1. Queries in SQL Server (all current versions) are compiled and are usually cached.  That plan is used for all subsequent executions as long as it does not recompile.

2. Queries with parameter values _can_ (but do not always) have their values “sniffed”, meaning that the optimizer takes a peek at the current state of the containing T-SQL batch, using this value to generate a more optimal plan.  You can tell if a particular parameter value was sniffed by looking at the showplan xml output, but please understand that the current system is imperfect in terms of sniffing.  For the rest of this post, I will assume that values ARE sniffed for simplicity in describing the behavior that happens in the system.

 

When the optimizer knows a specific value to sniff, it will be able to determine things like whether a table scan is likely to be faster than a seek + bookmark lookup for a given filter.  For example, “SELECT * FROM T WHERE col = @p” would likely generate a scan plan if col = @p is non-selective.  If it is highly selective, then the seek may be optimal.  This seek/scan plan flip is one common case where parameter sniffing can yield a more optimal plan for a specific parameter value.  Whether this plan is optimal for the workload is another matter entirely.  Unfortunately, the optimizer is in a tricky spot.  Sniffing the value often leads to a much better plan – so much so that customers complain if they don’t get that plan.   So, there is an interaction between the initial sniffed value + the resulting plan that is generated with the average calling pattern for that parameter.  (It gets more complicated when you have many parameters).

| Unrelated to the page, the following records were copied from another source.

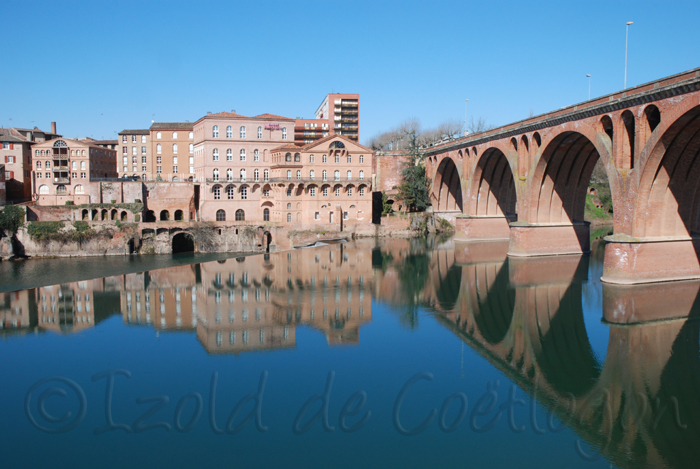 photo d'albi, le lait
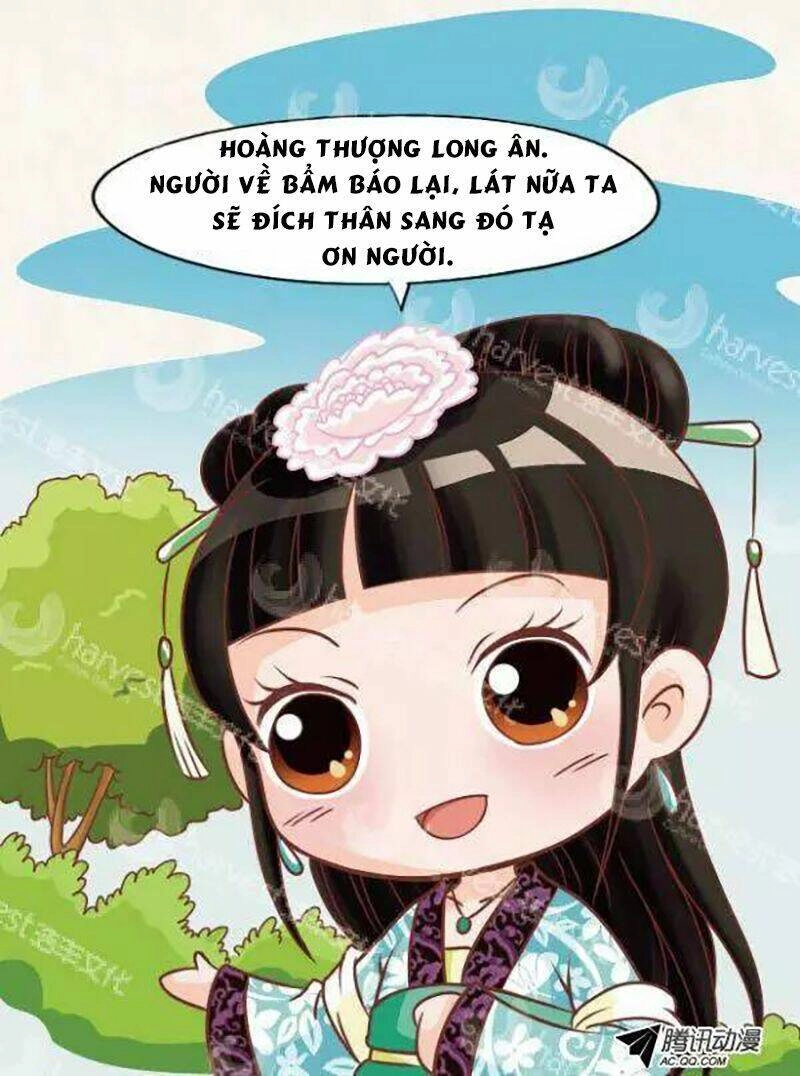 Chân Hoàn Truyện Chapter 19.1 - 12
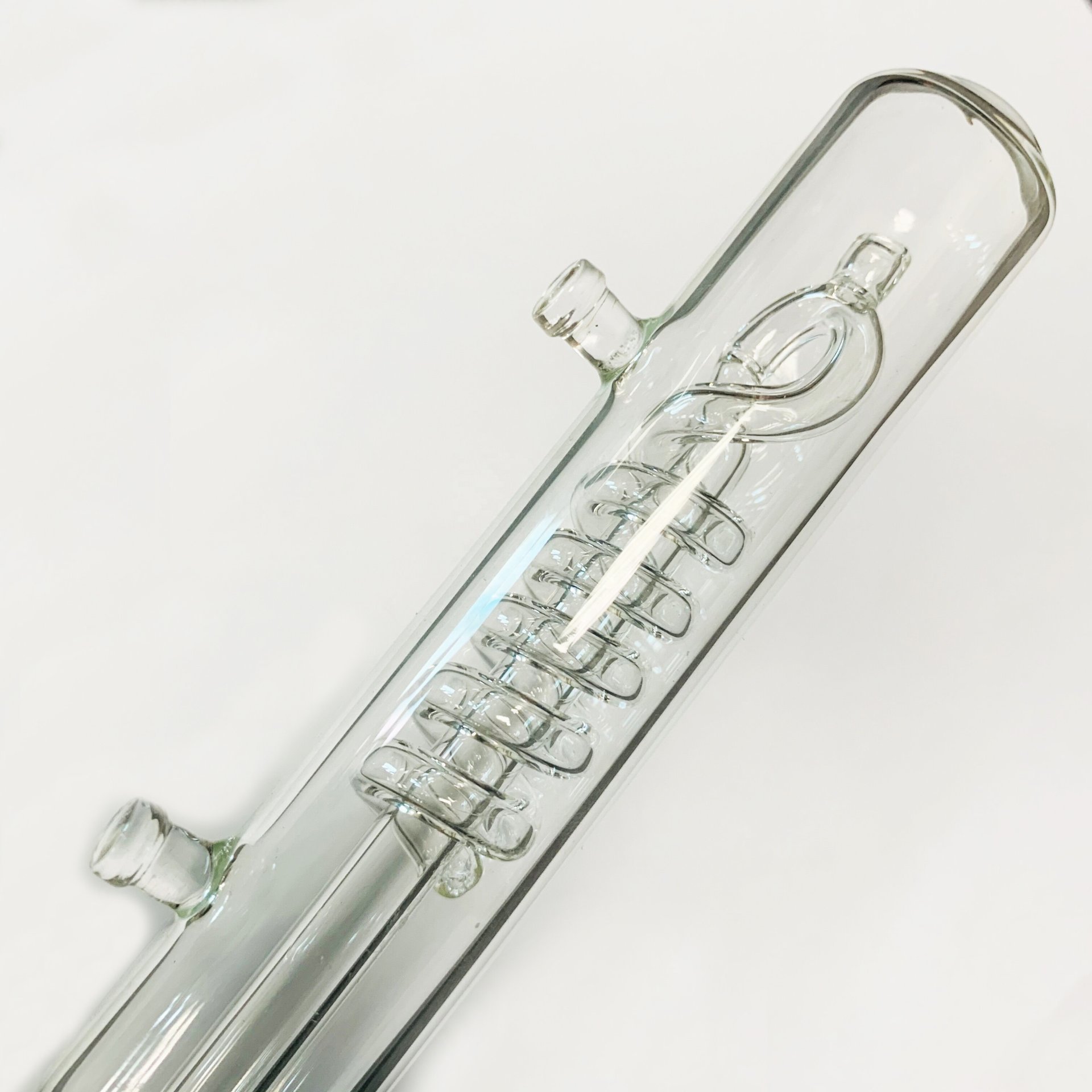 Quartz glass threaded instrument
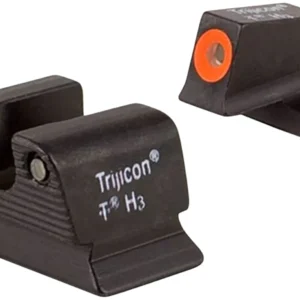 Trijicon 600624 HD Night Sights Green/Tritium Orange Outline Front Sight-Green Tritium Black Outline Rear Sight Beretta PX4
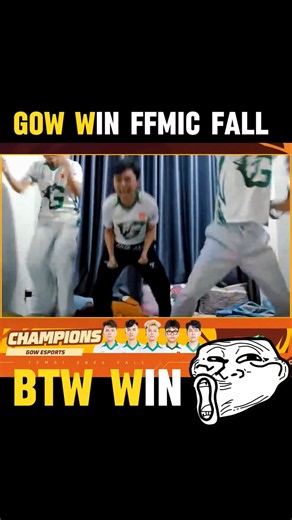 GOW Esports Became CHAMPIONS 🏆 | FFMIC Fall Asia Invitational #shorts #freefiremax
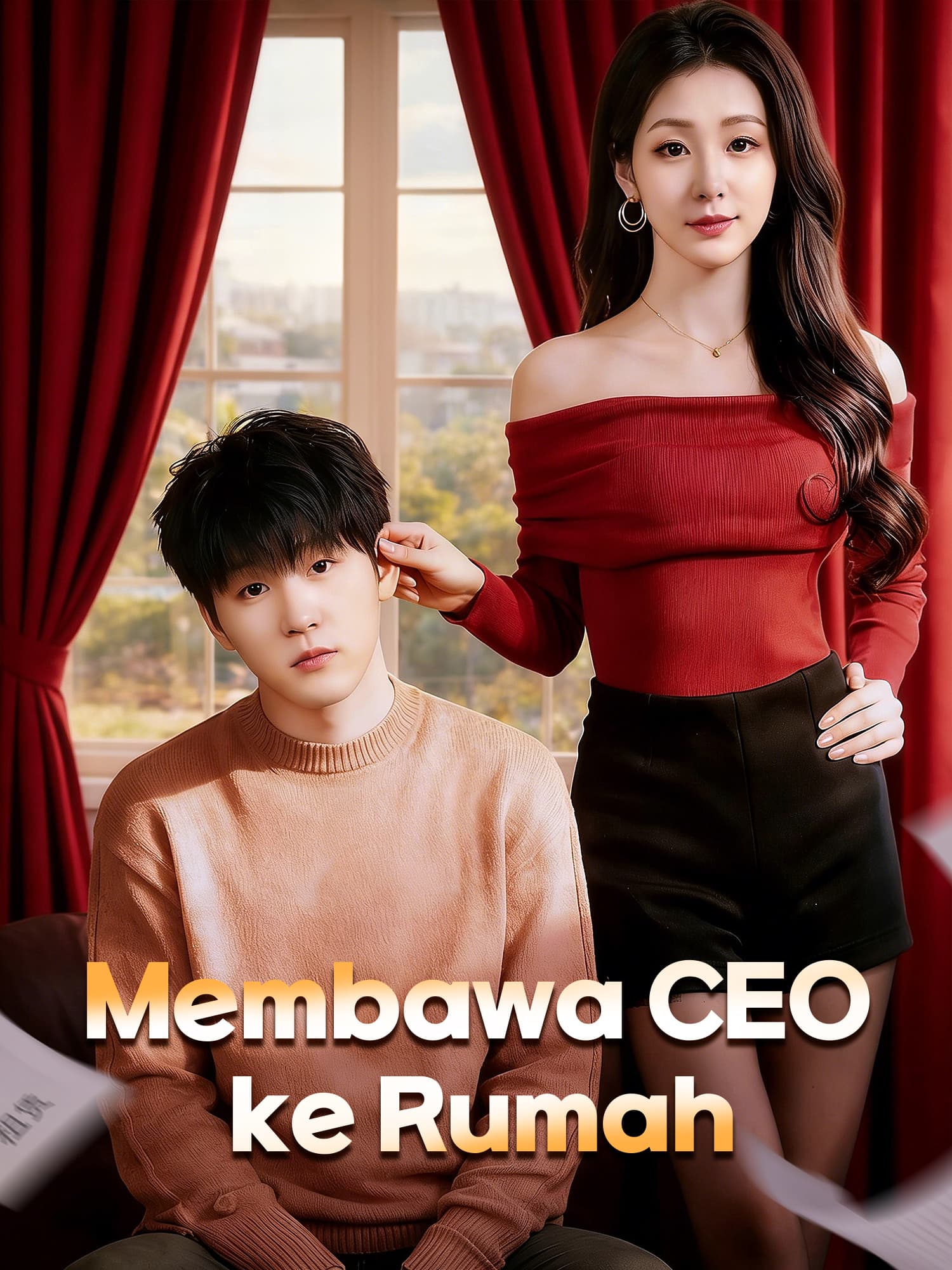 Sampul & Poster Drama Pendek Membawa CEO ke Rumah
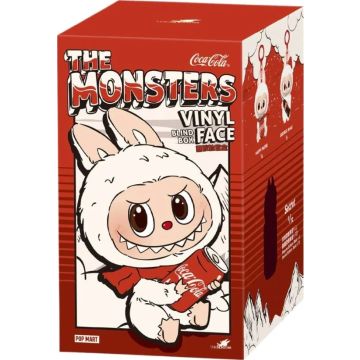 POP MART The Monsters Labubu Vinyl Face Blinde Verpakking-Coca Cola (Diversen) Nieuw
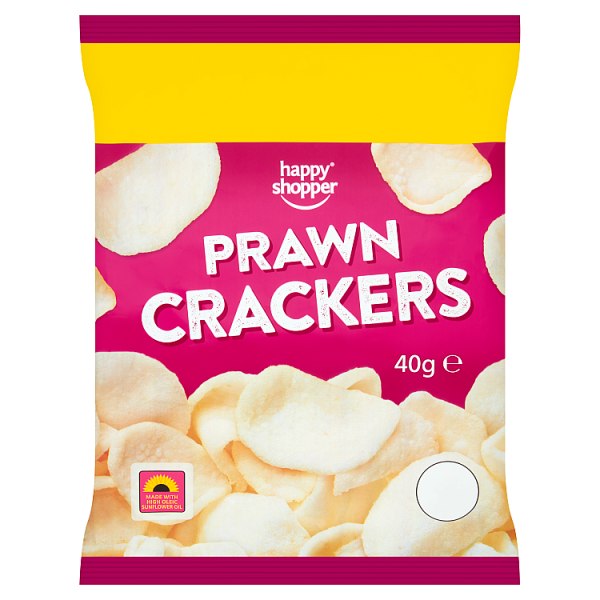 Happy Shopper Prawn Crackers 40g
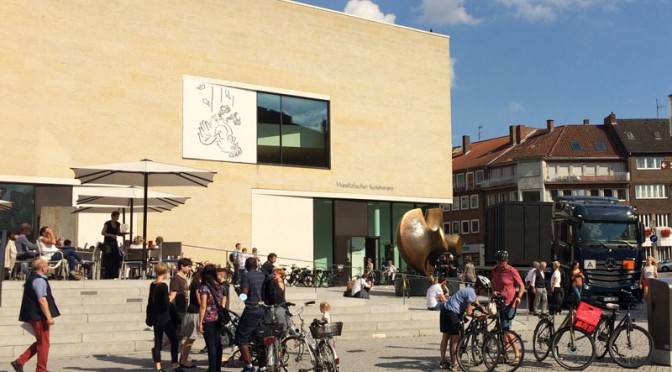 Skulptur Projekte Münster 2017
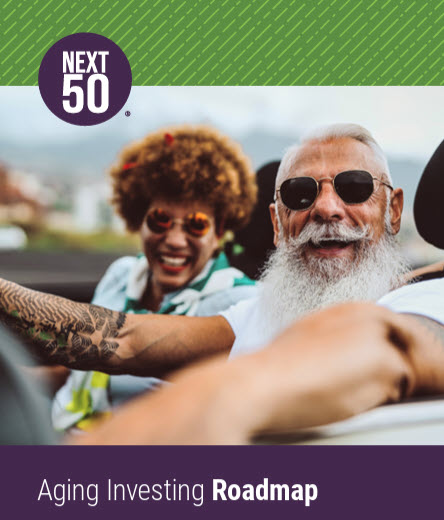 Cover of the Aging Investing Roadmap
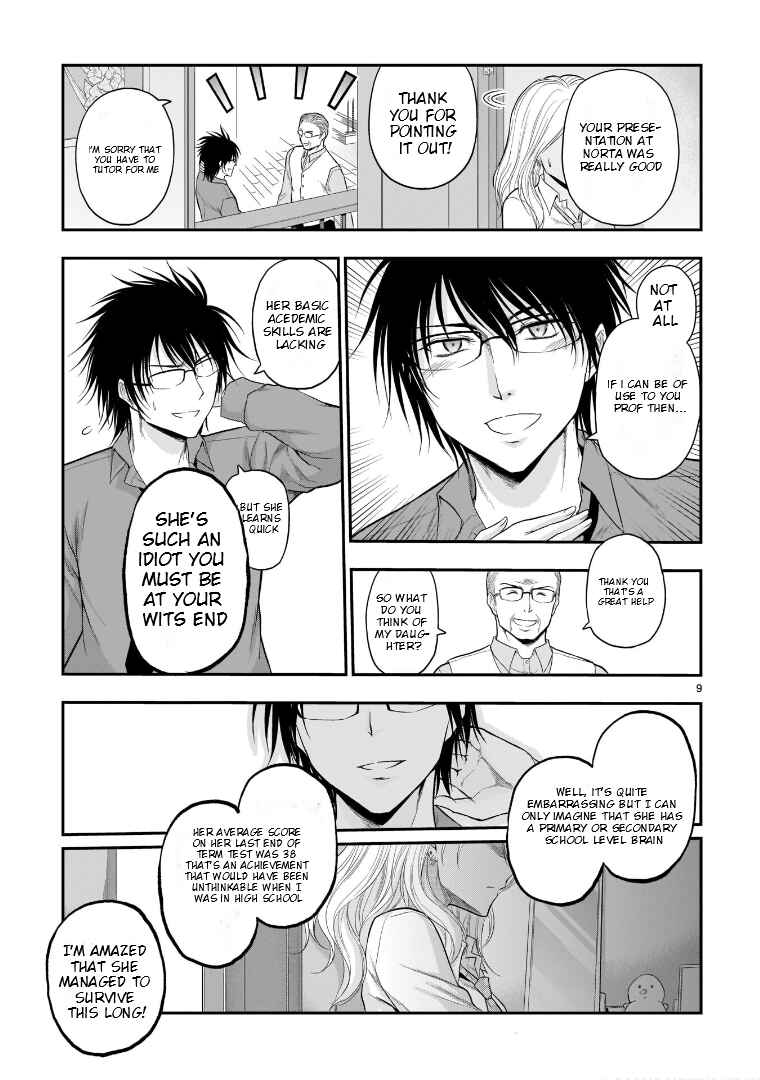 Rikei ga Koi ni Ochita no de Shoumei shitemita Chapter 53 - Page 10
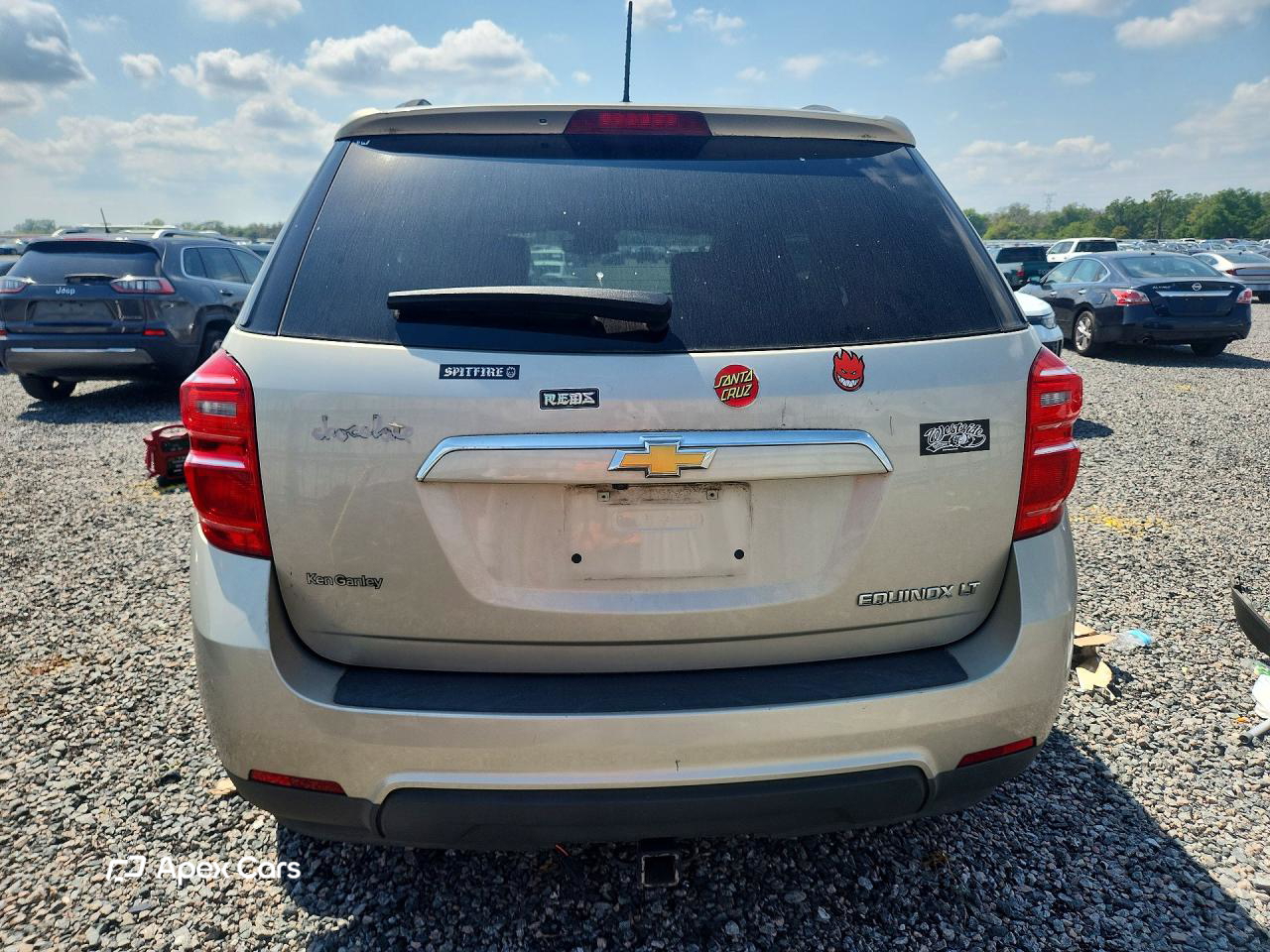 Chevrolet Equinox 2016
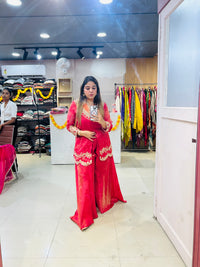 “AHANA”- BEAUTIFUL THREE PIECE STICHED SUIT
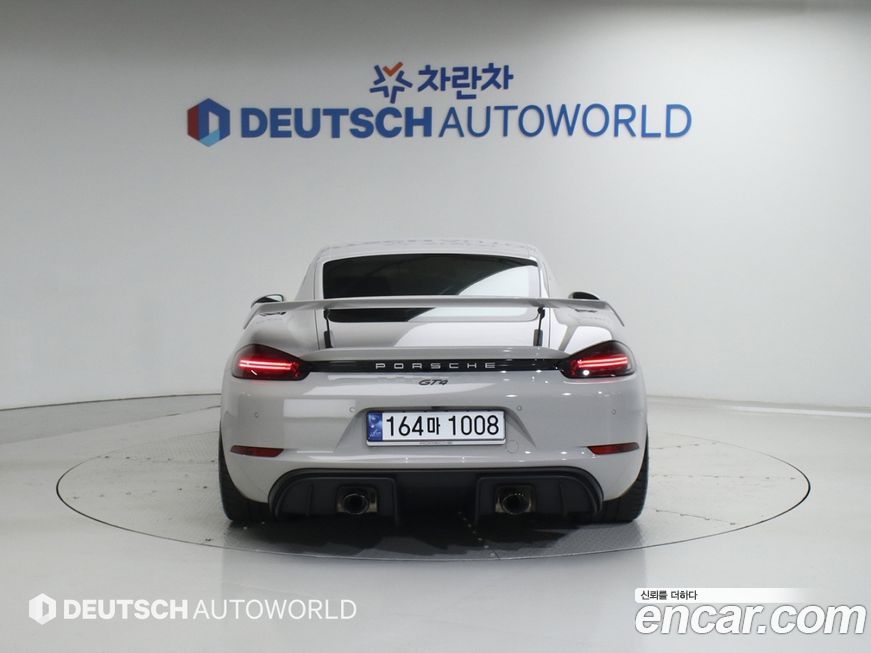 Porsche 718 4.0 GT4, 2023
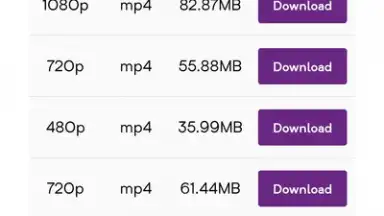 YT Video Downloader скриншот 1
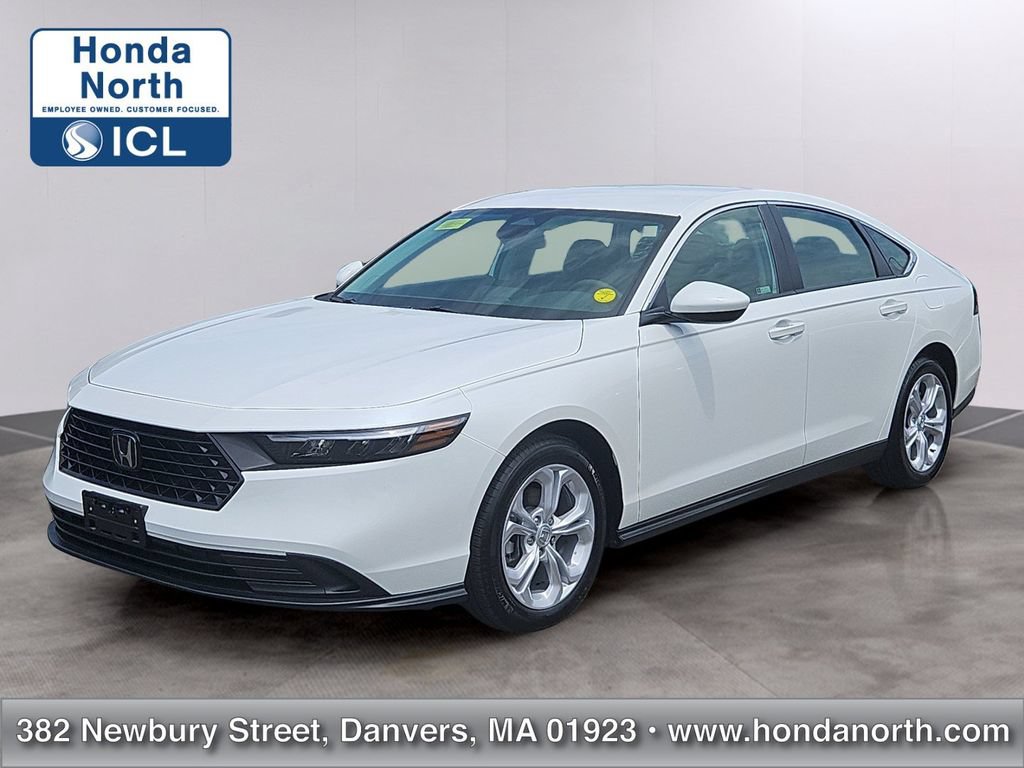 Certified 2025 Honda Accord LX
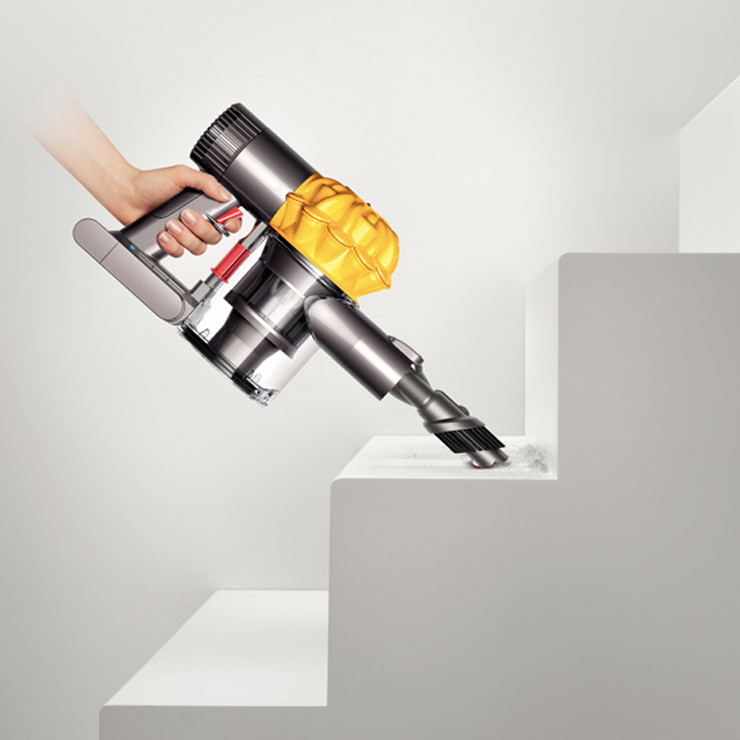 Пылесос вертикальный портативный Dyson V6 Cord-free 4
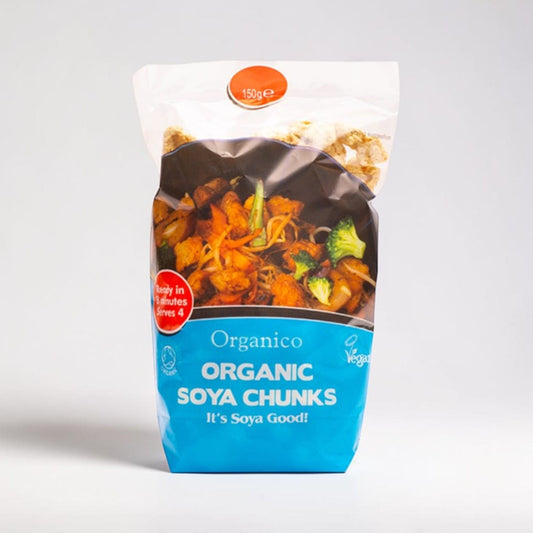 Organic Soy Chunks 150g by Organico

There are a number of different common “plan flips” where the optimizer generates different plans based on what is sniffed.  In addition to seek/scan flips, I often see index flips where the optimizer will choose a seek on index 1 vs. a seek on index 2.  I also see join order flips in OLTP applications.  The main ingredients here are that your workload be repetitive enough to see the patterns.

Even if you do have plan flips, this does not necessarily mean that your application will have problems.  The relative performance of those plans may be very close, meaning that there is no real substantial benefit in picking one over the other.  Even if the performance isn’t great, it might be that the query is just unimportant to an application – perhaps it is not really visible to the application and the whole job takes awhile, so some variability in one query is insignificant.  The key point is that this problem includes the perception of the user and is not just some arbitrary metric defined in the optimizer.

The most common class of parameter sensitive problem (PSP) we see is where sniffing one value has “good” performance (from the perspective of the customer) for all parameter values while sniffing + caching the plan for another parameter value leads to “bad” performance. 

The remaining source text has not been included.